Retype the data exactly, from its first line to the line containing "Essick Air Digital", including both, and skip any picture.

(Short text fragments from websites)
────
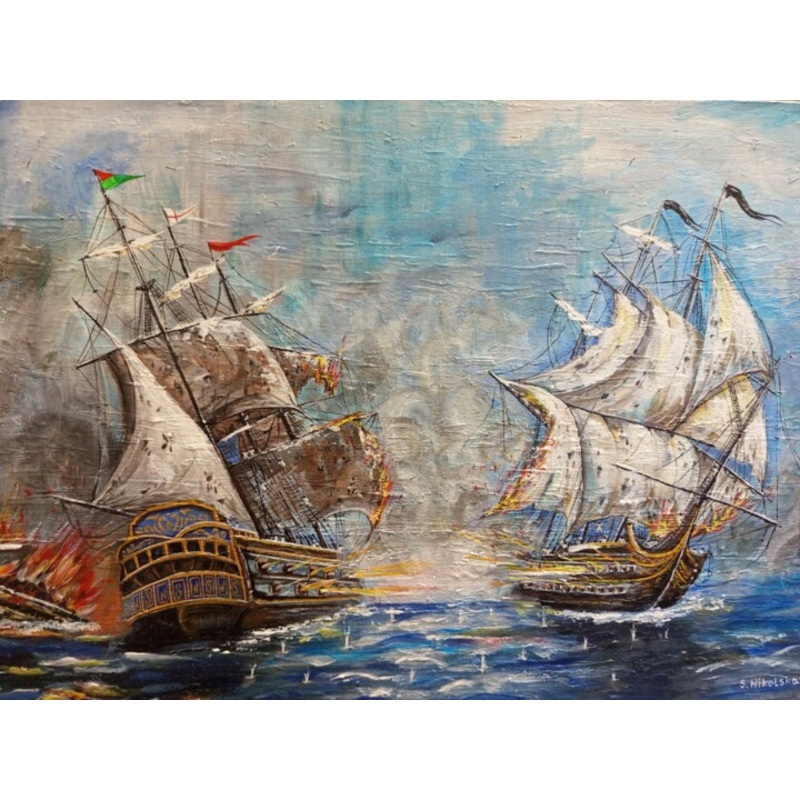 Painting by Svetlana Nikol Skaa | ArtMajeur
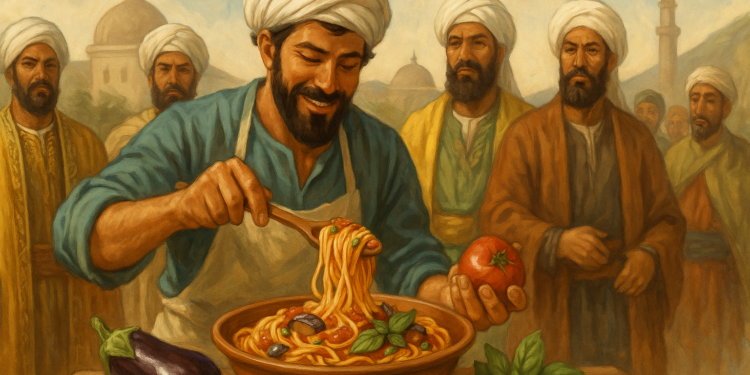 Pasta alla Siciliana’s Arab Origins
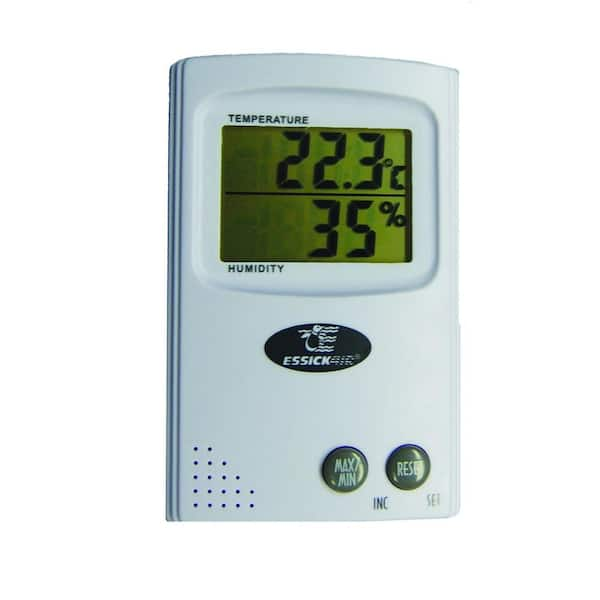 Essick Air Digital Hygrometer/ Thermometer-DISCONTINUED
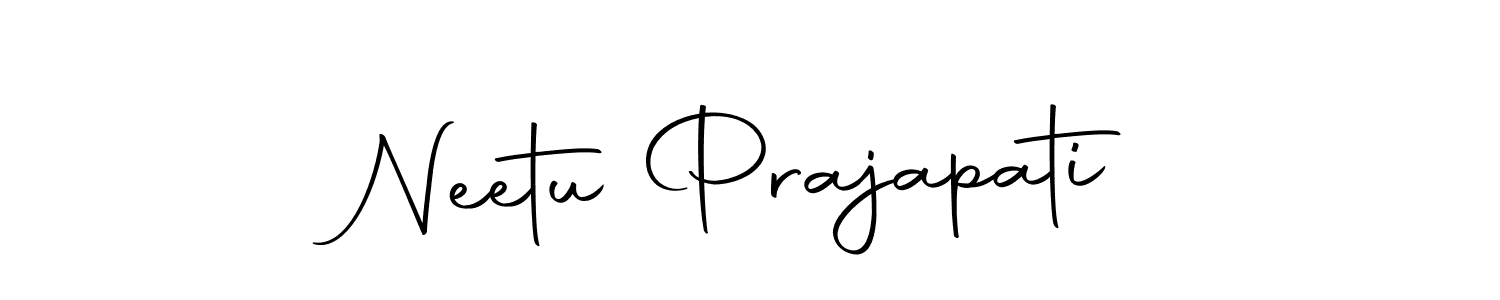Once you've used our free online signature maker to create your best signature Autography-DOLnW style, it's time to enjoy all of the benefits that Neetu Prajapati name signing documents. Neetu Prajapati signature style 10 images and pictures png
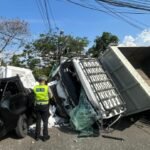 Innailaihi ! Dump Truk Terjun…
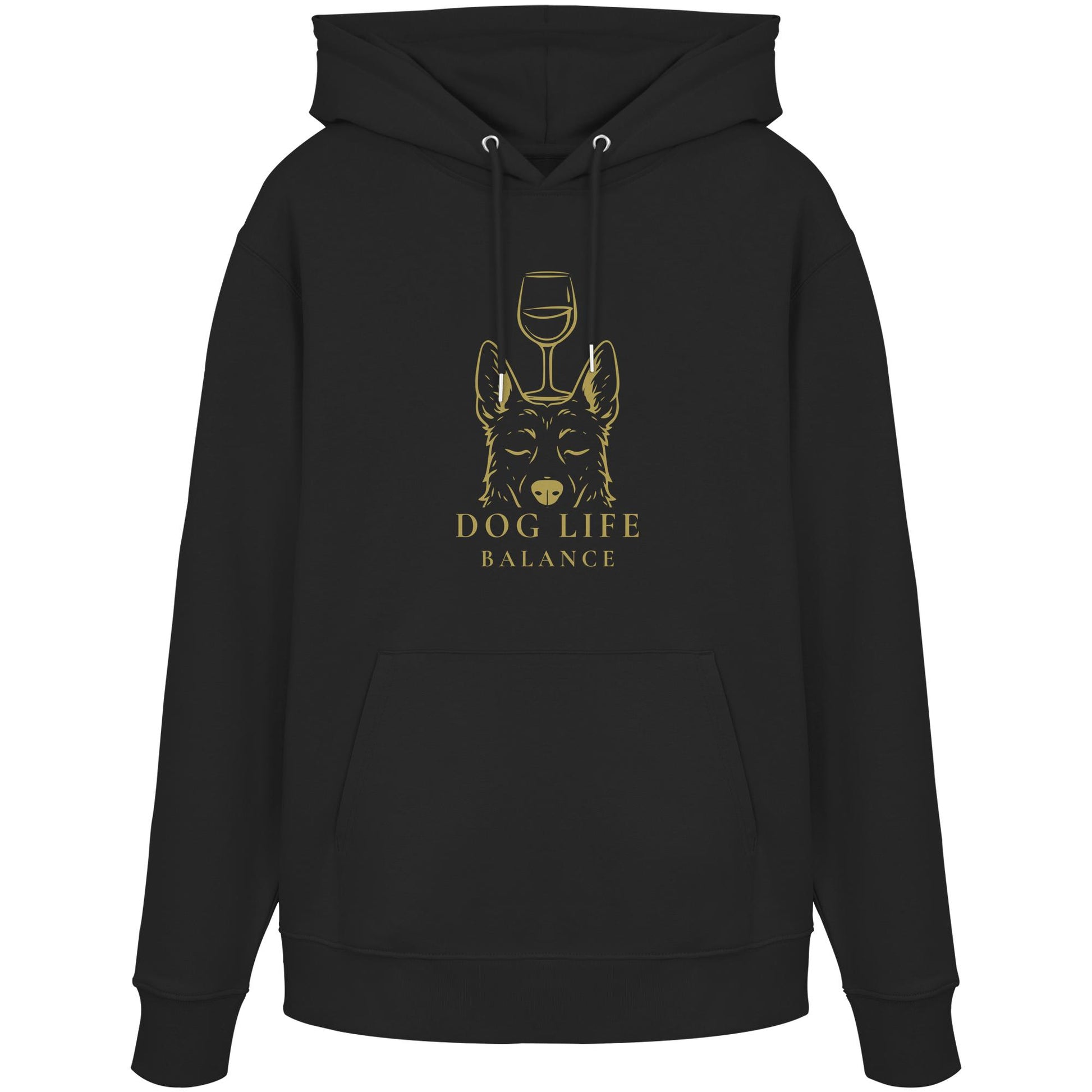 Dog Life Balance - Holländischer Schäferhund - Organic Hoodie
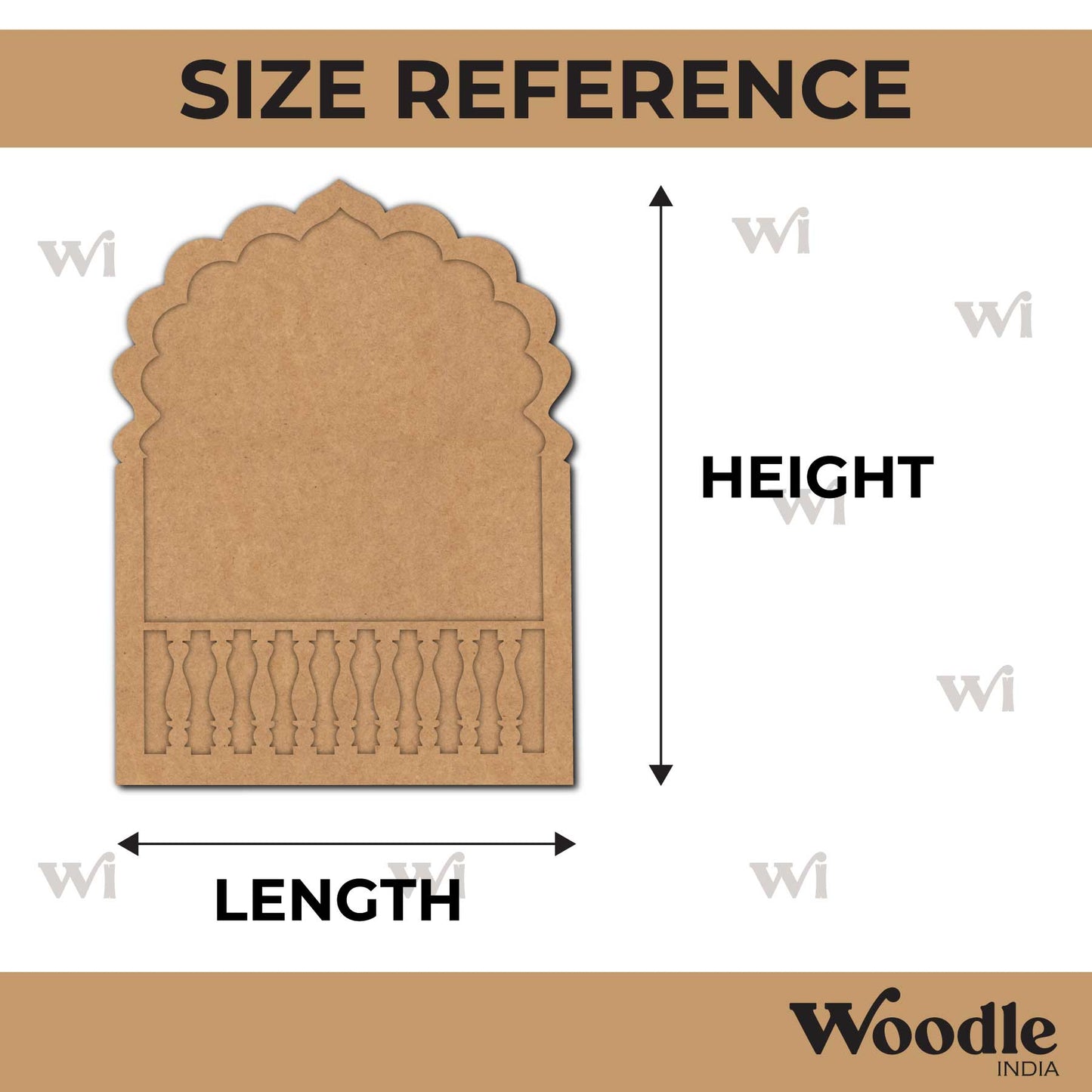 Jharokha MDF Design 40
────
Response >>
 Painting by Svetlana Nikol Skaa | ArtMajeur
 Pasta alla Siciliana’s Arab Origins
 Essick Air Digital Hygrometer/ Thermometer-DISCONTINUED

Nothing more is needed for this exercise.